Transform

Transform. The Greek definition is to remodel, change, restructure, alter.

Things that transform: a haircut…nothing like a fresh haircut to see those eyes. How about painting a room…nothing like a fresh coat of paint to brighten things up. Or how about a caterpillar turning into a butterfly…it’s a beautiful process to watch and wait for the transformation. How about turning clay into a vase…again it is a process, but well worth the wait. Lastly, people can also transform…this is the most beautiful of all, however, it will take being patient and being vulnerable in the process.

Romans 12:2 – “Do not be conformed to this world, but be transformed by the renewal of your mind, that by testing you may discern what is the will of God, what is good and acceptable and perfect.”

2 Corinthians 3:18 – “And we all, with unveiled face, beholding the glory of the Lord, are being transformed into the same image of one degree to glory to another. For this comes from the Lord who is the Spirit.”

These two verses talk about being transformed. Renewing our mind. Comes from God only…not me. So if it only comes from Him, that means I have to step back and allow Him access to transform.

Allowing the Lord access to my heart takes vulnerability. If I want to be different, healed of hurts, aka…transformed…then I have to allow Him access to my heart. He does the transforming. I create the environment. Knowing I have to be vulnerable, giving Him access to all my hurts and bruises…takes trust.

Access to the comfortable areas and access to the uncomfortable areas.

Examples of access to the comfortable – I like entitlement too much. “I deserve…”
I like pride too much. “I did this…”
I also like acknowledgement. “Kristy, you did great in…” (this can also be pride) and I am not talking about words of affirmation. I know in my heart what I am seeking.
Lastly, I like my opinion too much. “This is the best way…”
These areas seem reachable to become a better person, to become the image God created me to be. Not being selfish. Becoming more humble. Bringing Him honor and glory. But what about the uncomfortable…

Examples of access to the uncomfortable – hurts and bruises from my past – not feeling good enough or abandoned. Areas where I build walls to protect my heart from being hurt again. Lies the enemy tells me that I believe. My internal dialogue can be brutal. These areas…do not seem reachable. Attainable. They seem like a lost cause so why even?

In order to be transformed, I have to allow access to my heart, where true transformation occurs. Not of my own doing. I can’t transform. This is only the work of the Lord. His Word tells us this. Access to my comfortable and uncomfortable areas.

Is it transformation in one area, or all? Is it an all or nothing kind of deal? Can I decide what areas, because some may be easier to release or have access to than others. This would mean that I am compartmentalized, not as a whole. And I don’t believe this is true.

I have to create space to allow God access to my heart. I will say that again (for my own sake)…I have to create space to allow God access to my heart in order to be transformed. That means slowing down for a minute. Do some deep breathing to slow down my heartrate. Stopping the distractions around me. Stopping the internal dialogue in my head. And just “be.” Allowing access. “Be still and know that I am God.” He wants to transform me. He wants to heal my pain, the uncomfortable. He wants to transform the comfortable in order to represent Him better. I need to release control and allow Him. I need to release the fears and trust Him. I need to create the space. I need to be vulnerable to myself in order to be vulnerable to Him Who transforms.

Sometimes it scares me.
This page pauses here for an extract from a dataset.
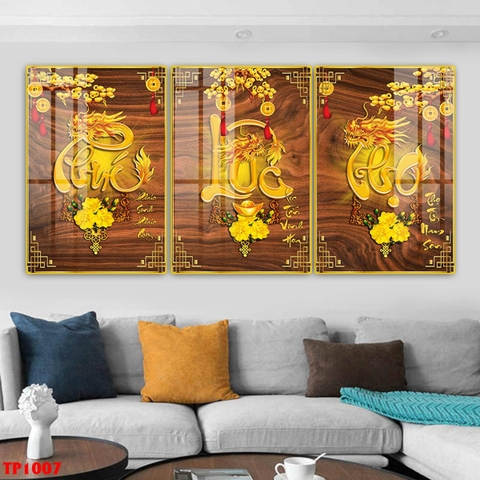 Tranh Phúc Lộc Thọ | Tranh Ngọc Việt - Đắk Lắk | Tranh Ngọc Việt - Xưởng Tranh Đẹp Buôn Ma Thuột (BMT) DakLak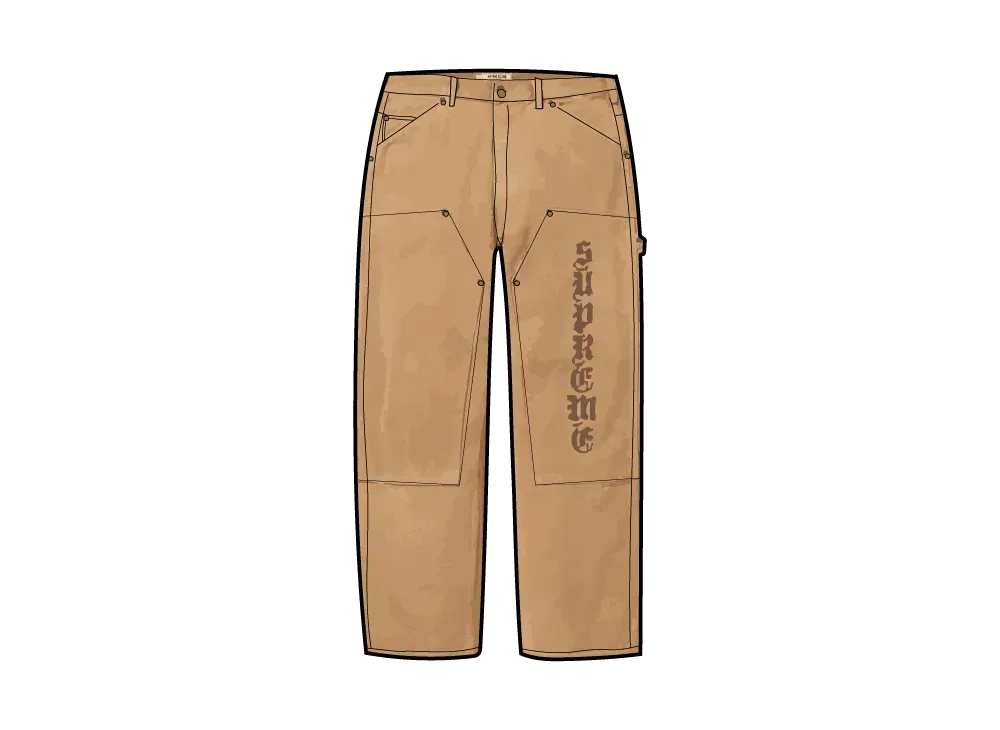 Supreme x The Great China Wall Double Knee Painter Pant "Tan"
Being vulnerable to myself. Because reliving the hurts from my past can be so raw…so condemning…so… But when I think about it…I can never be free from them unless I allow Him to heal me. They continue to creep up and out when I least expect them. They rear their ugly heads when I don’t want them to. They can and usually are inconvenient. They are chained to me and only God can break me free from them.

Allowing God access is easier some days than others. Always a choice He gives me. Some days I am open and it is easy. Some days I am fighting and it is beyond difficult. My spirit is willing but my flesh is weak. He is waiting patiently for me. He is waiting patiently for you.


I am ONE story,
~ Kristy

Proverbs 3:5a ESV (English Standard Version)
Trust in the Lord with all your heart.

Psalm 46:10a ESV (English Standard Version)
Be still, and know that I am God.

Matthew 26:41b ESV (English Standard Version)
The spirit indeed is willing, but the flesh is weak.